また、物語がいつ打ち切られてもスムーズに終われるように、トゥルーエンドまでに複数のクライマックスを用意していたとも述べていました。
例えば、「ネウロ」のHAL編や「暗殺教室」の鷹岡編などがそのクライマックスに該当するでしょう。
「逃げ若」でも、中先代の乱で諏訪頼重が亡くなった後など、最終回かもしれないと思わせるようなエピソードがありました。
実際、そこで終わっても大きな反発はなかったのではないかと考えられます。なぜなら、中先代の乱は史実における「北条時行」にとってのピークだからです。

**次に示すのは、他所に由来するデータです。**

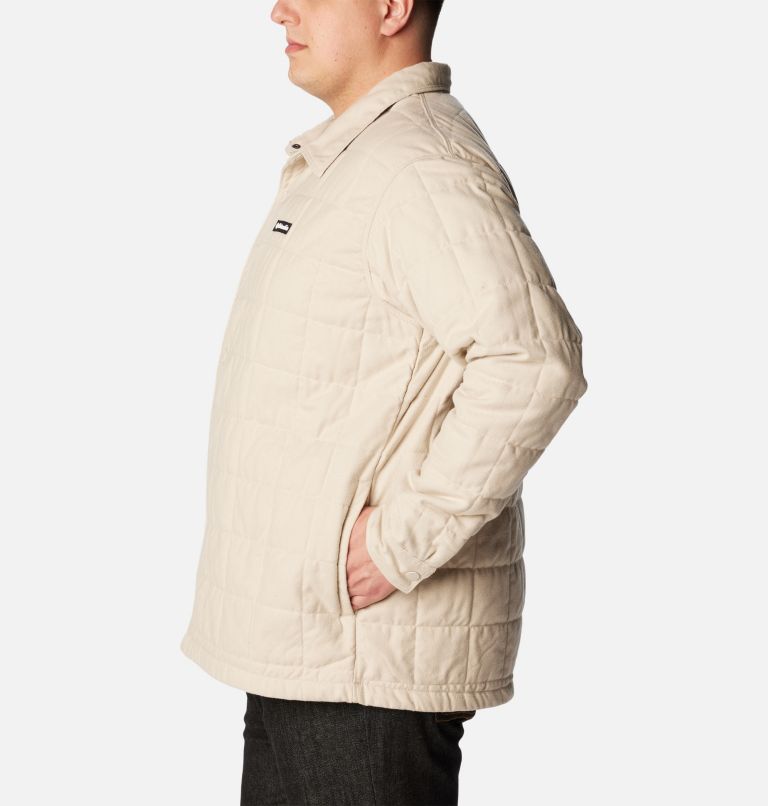 Men's Landroamer Quilted Shirt Jacket - Big, Color: Dark Stone, image 4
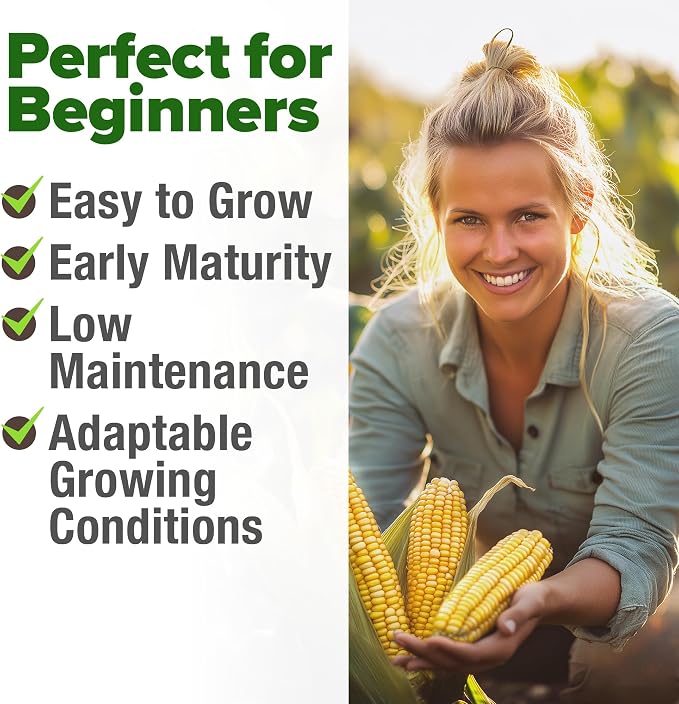 HOME GROWN Golden Bantam Sweet Corn Seeds 100+ Heirloom Non-GMO Seeds - Image 5
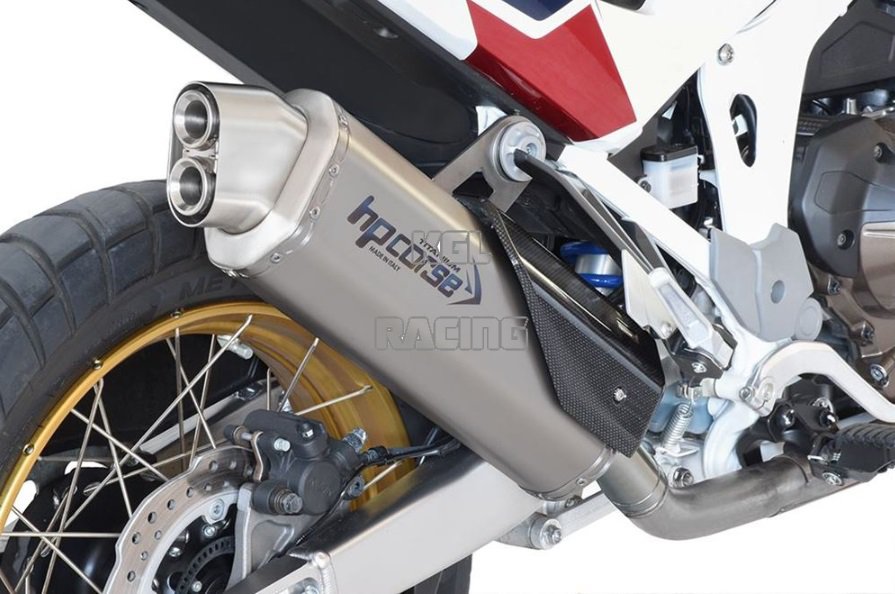 HP CORSE for Honda CRF 1100 Africa Twin '20-> - Silencer 4-TRACK R INOX SATIN - Click Image to Close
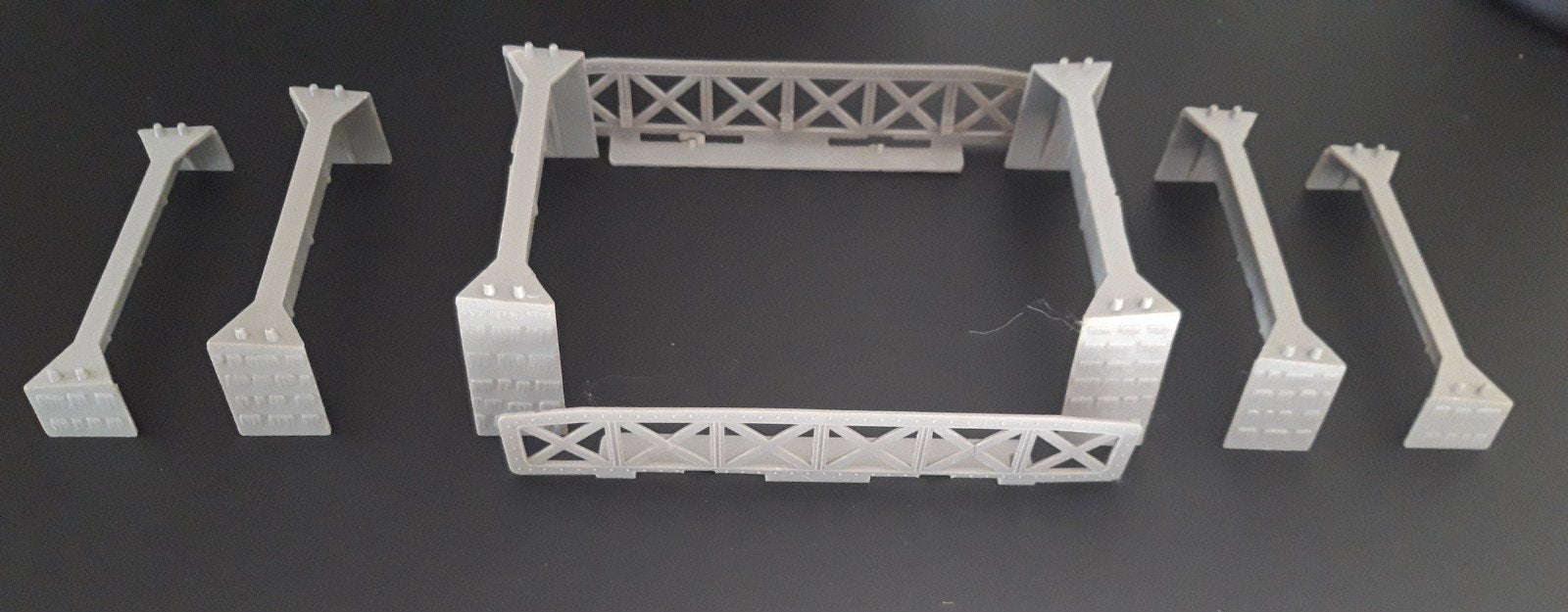 piliers, pont pour circuit ou adaptable pour trains miniatur, Hobby & Loisirs créatifs, Trains miniatures | HO, Enlèvement ou Envoi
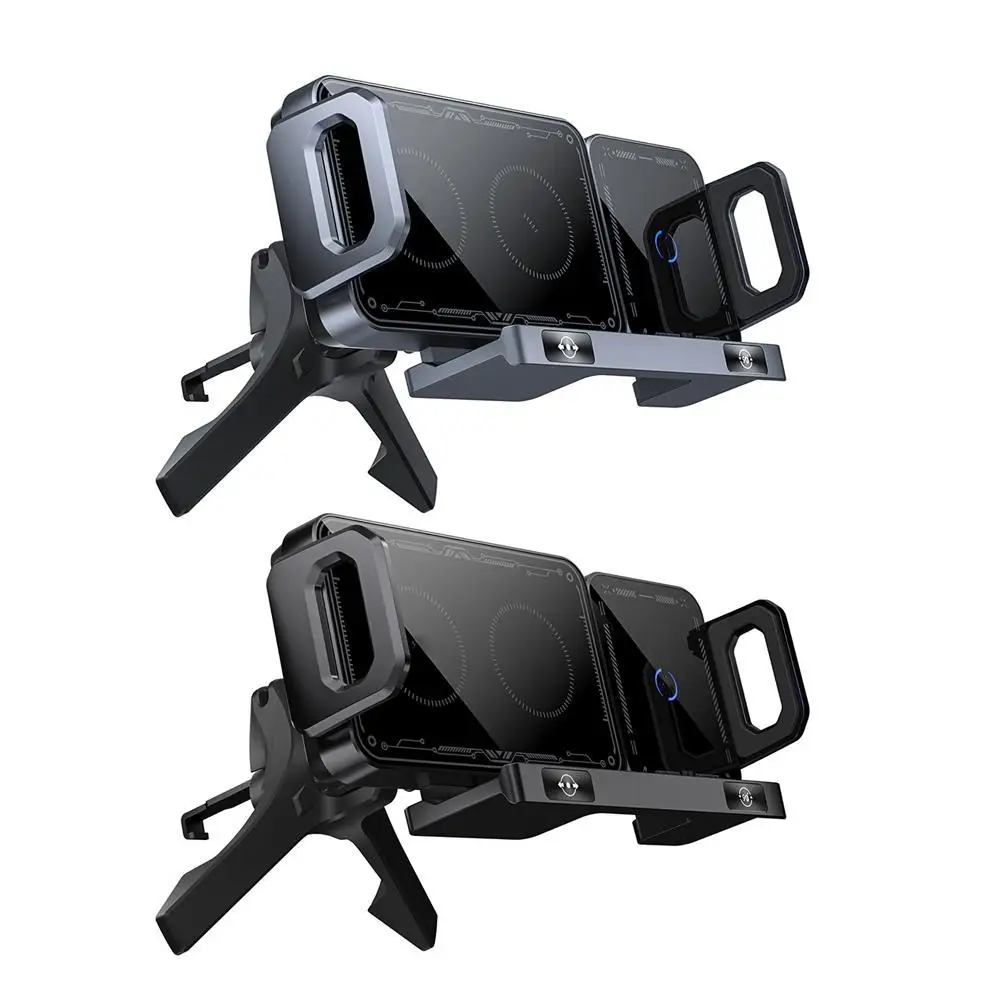 

Беспроводное автомобильное зарядное устройство для Samsung Galaxy Z Filp/Fold 6, дизайн с зажимом-крючком, держатель для телефона с зарядным устройством, магнитная подставка для мобильного телефона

しかし、「逃げ若」はまだまだ続くようです。では、松井先生はどこまで物語を描くつもりなのでしょうか?
「ネウロ」と「暗殺教室」を読んだことがある筆者として、さまざまな可能性を考慮しながら以下で考察していきたいと思います。
「時行の死」で物語が終わる可能性が高い
「主人公の時行が亡くなるまで」物語が続く可能性は高いです。
このシナリオは、ある意味でネガティブエンディングとも言えます。
歴史において時行は足利尊氏に対抗することができず、その前に捕らえられ処刑されていることから(1353年)最後の結末は時行の死で終わることも考えられるでしょう。
少年漫画としては、主人公の結末としてはあまりにも悲しすぎるかもしれませんが、時行の処刑が父である北条高時の死からちょうど20年後という点も含め、ここで物語を終わらせることは興味深い試みと言えますね。
松井先生はおそらく、「逃げ若」を通じて読者に歴史を教育しようとしているため、時行の死後の歴史に興味を持つ読者に自発的に学ばせようとしている可能性も考えられます。
時行も死ぬが尊氏の死まで描かれる可能性もある
また、別の考察としては足利尊氏の死まで描かれ、それがラストになるという結末です。
時行は処刑されますが、それ以降は史実に基づき、足利尊氏の死までが描かれます。
尊氏は、時行の死から5年後の「1358年」に52歳で亡くなくなるのが歴史的事実です。
尊氏の庶子でありながら尊氏に認められなかった直冬が、尊氏との戦いの際に射た一矢が原因となりました。
この矢傷が尊氏の死に至ったとされていますが、現在一般的に認識されているのは「腫れ物から敗血症にかかって死亡」という解釈です。しかし、この作品ではその腫れ物に対して呪術的要素が加わる可能性も考えられます。
例えば、護良親王が見た尊氏の身に宿る化け物が腫れ物として現れたとか、時行たちや尊氏に恨みを持つ人々の妄執が集まった腫れ物など、展開は様々です。この場合、敵討ちは果たされる可能性があり、一応は良い結末となるかもしれません。
また、「おーにさんこーちら」の鈴の音が尊氏にだけ聞こえる演出なども考えられますね。
どのみち、腫れ物で死亡するという人間らしい死因は、尊氏の神格を剥奪する象徴と言えるでしょう。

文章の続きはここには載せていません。